MH- What themes do you enjoy exploring within your paintings?
CR- Right now mostly just strong design and appealing color. Fictitious musical instruments, vehicles, and of course the female form. I generally tend to come up with stuff that I wish existed, but doesn’t. like a Steam-Powered computer. It wouldn’t have to run on coal either. But I guess some things are too ahead of their time.
MH- Do you have a theme for your upcoming M Modern show “Cosmodelic”?
CR- In general, it’s dedicated to Music and some favorite songs of mine that have strong visual or social themes. But themes can get too confining, so some of the new stuff is just stream-of-consciousness.
MH-How has Lynne Naylor influenced your work?

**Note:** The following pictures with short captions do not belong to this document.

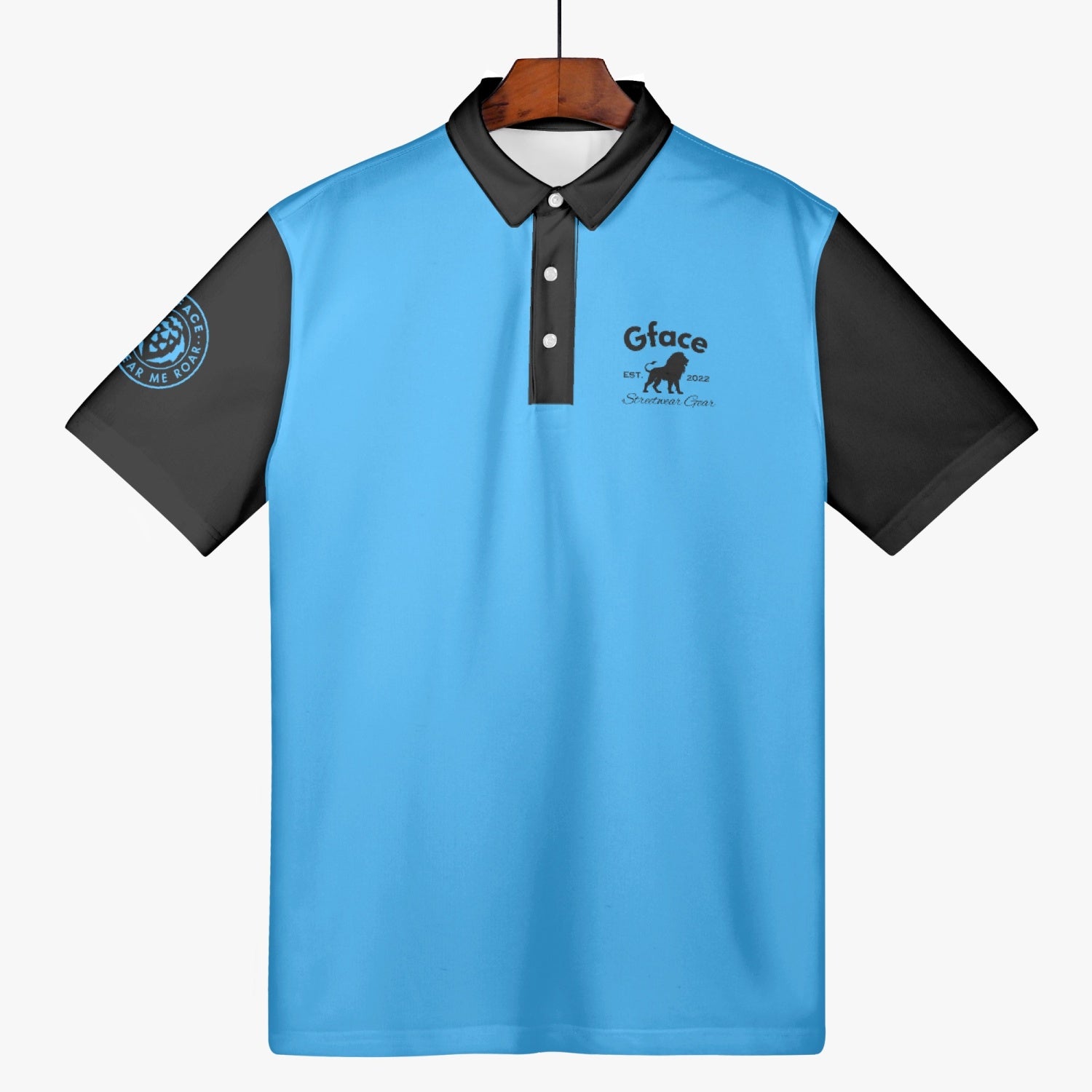 Gface Mens Blue/Black Polo Shirt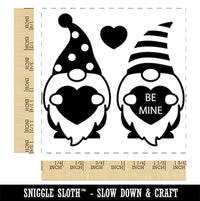 Pair of Valentine Gnomes Valentine's Day Square Rubber Stamp for Stamping Crafting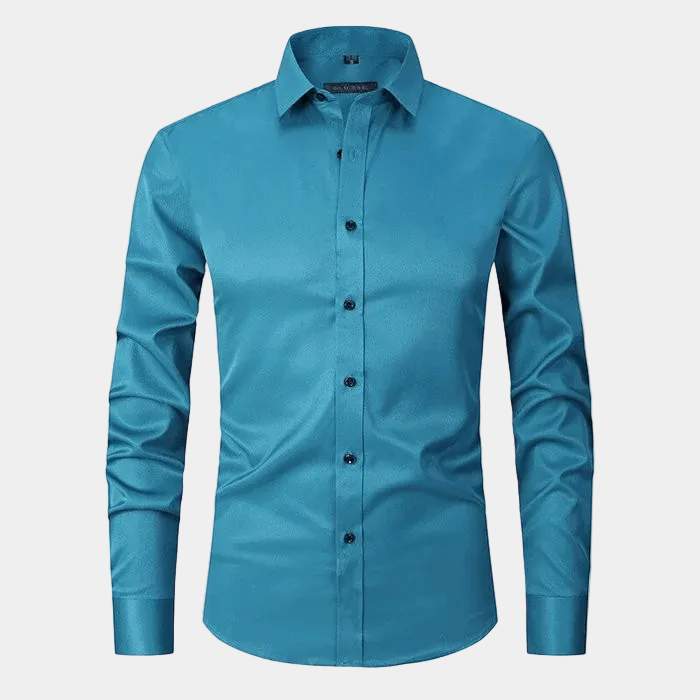 Men's Slim Fit Long Sleeve Dress Shirt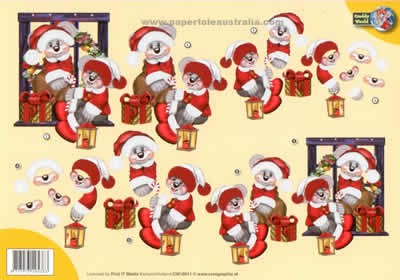 Knipvel Creddy World - Card Deco - Kerst - CW10011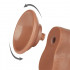 Fallo Dario con Pelle Scorrevole e Ventosa Marrone 18 x 4 cm - 2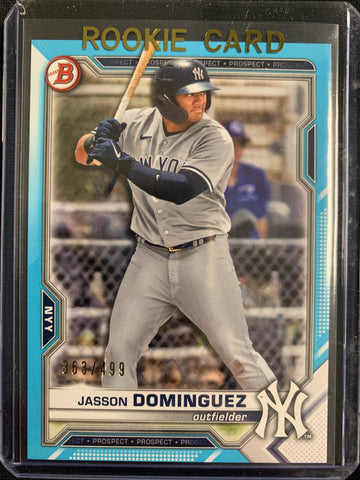JASSON DOMINGUEZ ROOKIE CARD Bowman CHROME RC New York Yankees Baseball  MINT!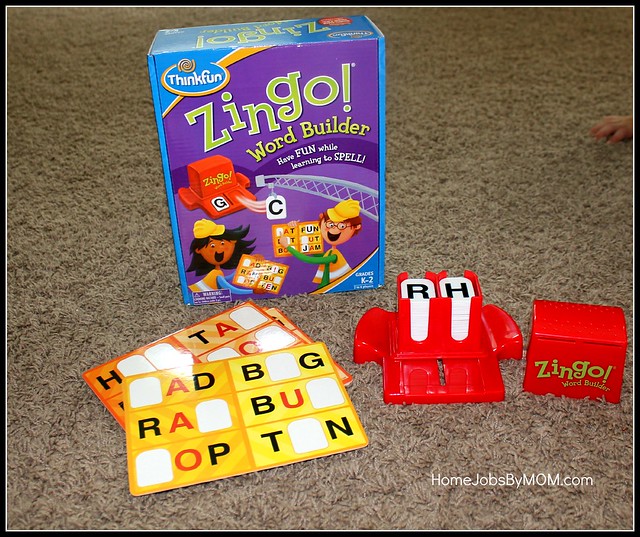 Zingo! Word Builder Game by ThinkFun Review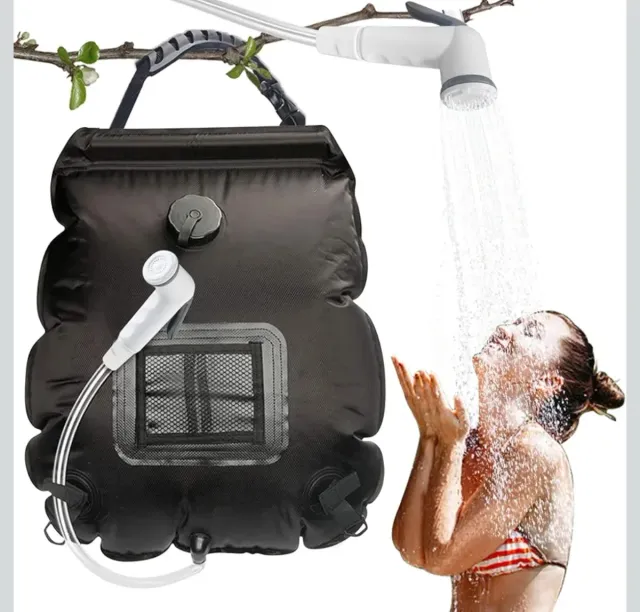 Bolsa Ducha Solar 20L Portátil Camping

CR- This’ll be hard to keep short. If you have someone that talented in your life, the influence is unavoidable. It’s like if Brian Wilson lived with me, I would probably end up writing songs (hopefully) that sound a little bit like “Pet Sounds”. She is an incredible draughts person (or “drawer” if you’re from Long Island) and the unequaled master of drawing females. Her sense of design is unmatched and the way she has developed her own approach to applying it to the female form is genius. Her girls exude pure sensuality and innocence at the same time. She can also draw funnier than hell, and has drawn some of the manliest muscle men I’ve ever seen. But as importantly, she has introduced my ignorant ass to the work of some great artists: Eyvind Earle, Richard Powers, the Provensons, who have been a huge influence.
MH- Much like your animation work, your art is current, however there is a classic feel or at least classical aspects to your paintings. Which artists have been influences on your work?
CR- All of the above, and most recently David Weidman who I am absolutely addicted to. When I was growing up it was Roger Dean.
MH- How did you first get involved in animation?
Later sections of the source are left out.